March 04, 2016

Technology has become increasingly accessible to kids. But what is its real impact?

“The concern is that a characteristic of digital technologies is that they demand very rapid shifts of attention,” says Daniel Willingham, a psychology professor at the University of Virginia and author of the book Raising Kids Who Read.

The advent of the Internet means that a child’s attention is constantly spread out over several things at once.
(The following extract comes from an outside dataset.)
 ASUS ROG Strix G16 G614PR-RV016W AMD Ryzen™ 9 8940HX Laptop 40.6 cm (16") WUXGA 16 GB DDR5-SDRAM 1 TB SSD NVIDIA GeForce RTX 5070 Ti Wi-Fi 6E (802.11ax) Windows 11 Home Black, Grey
Reading is no longer a go-to activity when a kid is bored.

But Willingham - who studies the impact of technology on kids’ concentration - says that there just isn’t enough evidence to say definitively that digital technologies take away from reading.
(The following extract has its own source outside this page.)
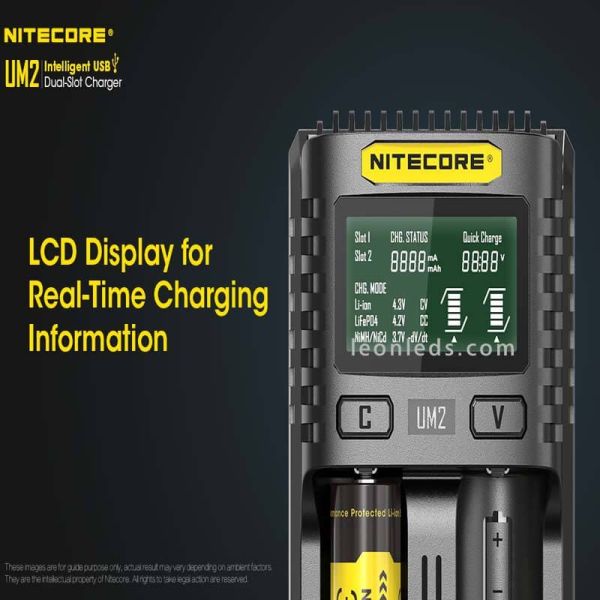 Carregador universal com visor LCD UM2 com 2 compartimentos Nitecore UM2 | leonleds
There was, however, a time in America’s history where reading was at its highest. “I think the golden era was probably depression era, maybe into the 40s and until television,” he says, “Reading did take a hit with the advent of television.”
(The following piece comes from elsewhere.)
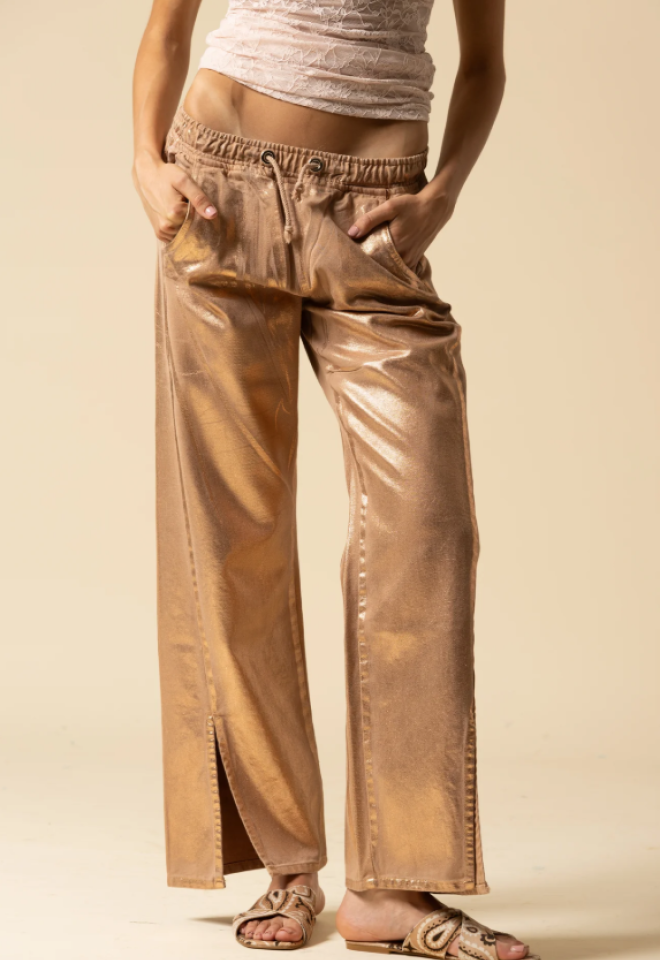Jeans Laminato Bronzo con Spacchi -  XS/S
Now, there’s debate as to whether or not we should count reading on Twitter or Facebook as real reading.

“A lot of the reading that kids do on screens [is] not especially enriching,” says Willingham.

The issue of kids not reading comes down to how they handle boredom -- something that they will eventually encounter in school.

“I think the problem is real, but I don’t think the problem is that they can’t pay attention, I think it’s that they don’t want to pay attention... Being bored is good for the sake of making children more resourceful in figuring out themselves how not to be bored.”

Willingham argues that, if anything, digital technologies are responsible for a shift in kids’ beliefs that they should be entertained all the time.

Parents tell him that their primary concern is that their kids spend too much time plopped in front of a screen. And, WIllingham says, if you want to wean the kids away, it might mean helping them - and “helping” is the key - acclimate to a slower-paced world.